Most people associate ‘malnutrition’ with simply not having enough money to buy nutritious food. The image that comes to mind is of an impoverished family only being able to afford a loaf or two of bread or a sack of potatoes. However, what if the issue wasn’t a lack of funds so much as a lack of availability? What if the only fresh fruits and vegetables were at least an hour’s drive away?
Welcome to the horror of food deserts: generally low-income areas – urban or rural – that lack sources of fresh, healthy food. Rather than being peppered with grocery stores and markets to sell nutritious foods, these areas tend to be filled with fast food joints and convenience stores that only stock packaged and processed goods. Families are forced to derive their nutrients from boxed mashed potatoes, the scant lettuce and tomato slice on a burger, and fruits canned in corn syrup. Unsurprisingly, people stuck in food deserts are likely to develop obesity and/or diabetes due to their diets’ lack of nutrients and high sugar, salt, and fat content.
I’m surprised that I’d never come across this term until last winter, when I was reading Tracie McMillan’s The American Way of Eating: Undercover at Walmart, Applebee’s, Farm Fields, and the Dinner Table. Sure, I’d passed through plenty of bleak towns where the only restaurants were McDonald’s and Dunkin Donuts and there were no grocery stores in sight; but I had never actually considered what it must be like to live in those places. I’ve always been fortunate to have access to at least one grocery store with fresh products, not to mention higher-quality restaurants and organic markets. When promoting all of the benefits of eating both healthily and sustainably, it’s easy to lose sight of the fact that nutrition is, in some unfortunate places, a commodity. Not everyone has the garden, time, or knowledge to, for instance, grow their own vegetables, which would otherwise be my first recommendation to someone without a fresh produce source. Even cooking from scratch with unpackaged ingredients has become a luxury. There are glimmers of hope, at least, in the growth of the sustainable food movement and the continuous spread of nutrition science, both of which have called attention to the food desert problem. Food is Power’s page about food deserts describes how some American communities have demanded change, such as by launching fresh food co-ops or setting a limit on the number of fast food restaurants.

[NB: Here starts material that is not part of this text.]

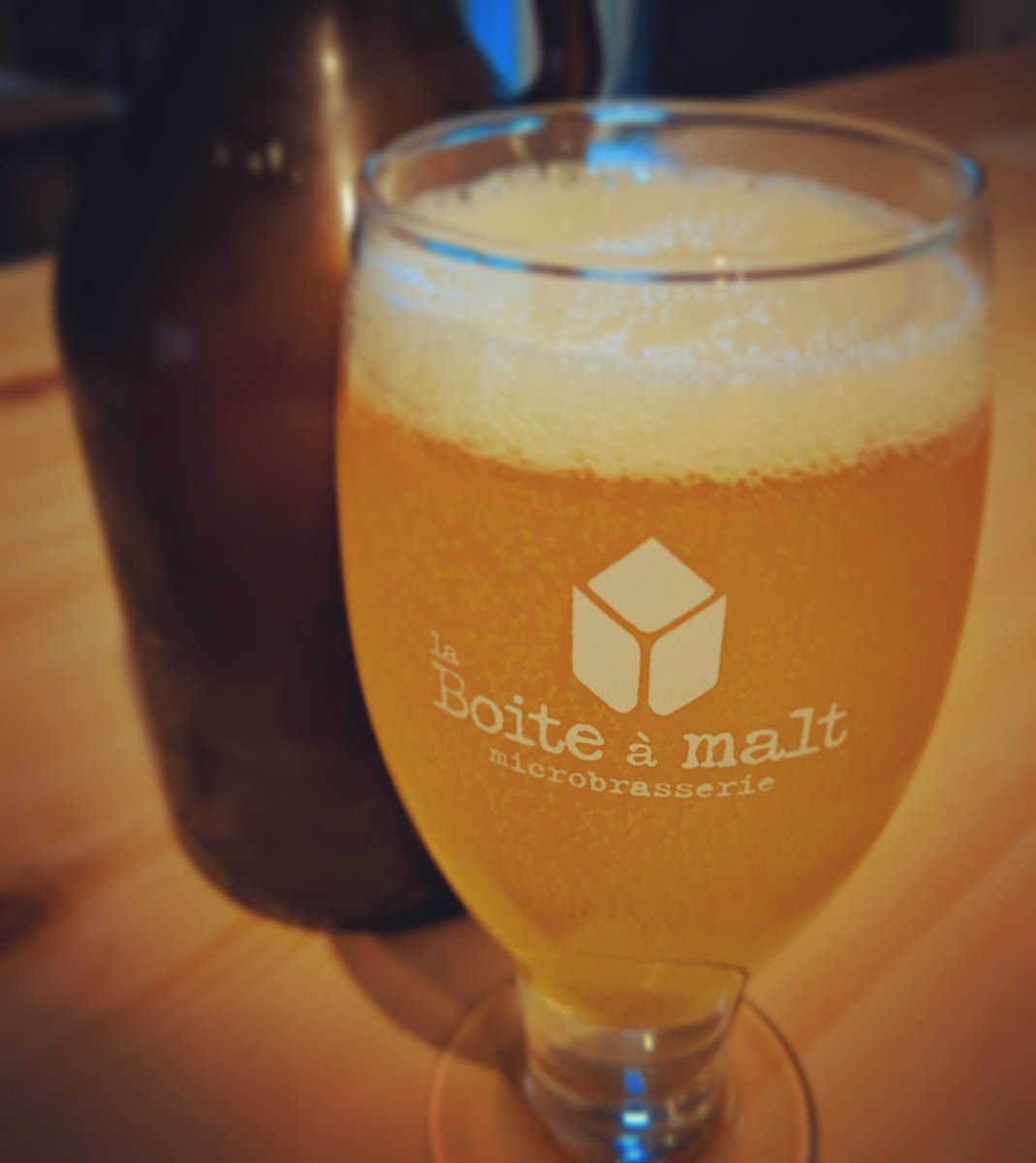 Boiteamalt's tweet photo. FPS 30 ! Notre petite dernière. Session IPA. #pintable #tropicale #été https://t.co/rZbxu4rfoT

There have also been reports from various regions of the UK analyzing the problem and suggesting solutions.
This Thanksgiving, remember to be grateful if you can buy an organic turkey, roast fresh butternut squash, or even mash your own potatoes. Recognize how precious good food is.
In Lodz, Poland a local Food Bank named after Marek Edelman has started to organize a series of educational workshops, talks and meetings to place more importance on the first 1000 days of our lives. It is part of a bigger campaign initiated by the foundation NUTRICIA called “1000 First Days for Health”.
“Together with our 200 partner NGOs we will be also distributing flyers and posters all over our city and region. We have also set up an information point in the local Food Bank, where you will be able to get advice on principles of the correct nutrition process of little children and pregnant women. A dietician will be available for private consultation and all interested will be able to use internet for more information” – said Pawel Drobnik, the project coordinator of the Lodz Food Bank.
A couple of months ago I shared a link to an article from the Huffington Post written by a 17-year old Brett Hahn. He started by asking a question what is the most important thing that your parents have done for you? The answer to this question lies within the first 1,000 days of our existence; from the time that each of us was just a fetus in the womb to the age of 2, our parents properly fed us.
Reading about the project that is now being launched in Lodz I started to search for other projects of its kind and a lot of NGO’s are focusing on the issue of the first 1000 days of life. The Save the Children organization has carried out a study on Nutrition in the First 1,000 Days. “Out of 73 developing countries – which together account for 95 percent of child deaths – only four score “very good” on measures of young child nutrition. Our Infant and Toddler Feeding Scorecard identifies Malawi, Madagascar, Peru and Solomon Islands as the top four countries where the majority of children under age of 2 are being fed according to recommended standards.”
One of the main reasons for malnutrition among the developing countries is the lack of awareness on this important issue. Many women don’t even realize how fundamental breastfeeding is. Breastfeeding is the single most effective nutrition intervention for saving lives. If practiced optimally, it could prevent 1 million child deaths each year. In developing countries those children that are fed by their mothers are at least 6 times more likely to survive.
In addition to that, during the first 1000 days of our life we develop and build one of our most important muscles – the brain. Proper nutrition helps us build all of our vital organs in the right manner so as to be used for the rest of our lives. Apparently people that were properly fed during their first days are able to earn 20% higher wages. Unfortunately, the global cost of malnutrition related programs oscillates between $20 to $30 billion. Maybe spending more money on this kind of support will help us spend less money on other issues such as military services or curing diseases caused by malnutrition.